If the SEC requires the company to restate its financials to increase the compensation charges taken with respect to its stock option grants, the Internal Revenue Service may be more likely to question whether the options were also granted at a discount for tax purposes – even though cheap stock charges may be based on perfect “20-20” hindsight. This creates a risk of additional taxes to the optionees under Section 409A.


Pre-IPO companies seeking to avoid Section 409A issues should consider the following alternatives:

  • Stop making option grants: Do not make stock option grants during the 12- to 18-month period prior to the initial public offering. More public companies, particularly those with relatively high valuations, have begun granting full value awards such as restricted stock units (or RSUs). These awards are generally not subject to Section 409A (provided that shares are issued as soon as the award becomes vested). However, stock options generally offer more value to an employee if the stock is expected to appreciate significantly, and thus this may not be a desirable alternative for most pre-IPO companies.
  • Obtain independent valuations: Get an independent valuation and limit option grants to the dates on which the valuation is issued (or updated). Many pre-IPO companies grant options only at quarterly Board meetings and have the independent appraiser update the last annual valuation on a quarterly basis.

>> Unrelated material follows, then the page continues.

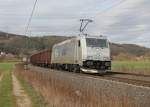 ITL 185 562-6 mit einem Ganzzug aus Hochbordwagen in Fahrtrichtung Sden.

Companies are also well advised to work with valuation firms with a strong reputation and whose valuations will be respected by the auditors preparing the company’s financial statements.
  • Provide ample disclosure: Limit the SEC’s (and potentially the Internal Revenue Service’s) inquiries by providing fulsome disclosure in the registration statement which supports the company’s valuations and explains any changes in equity value leading up to the initial public offering.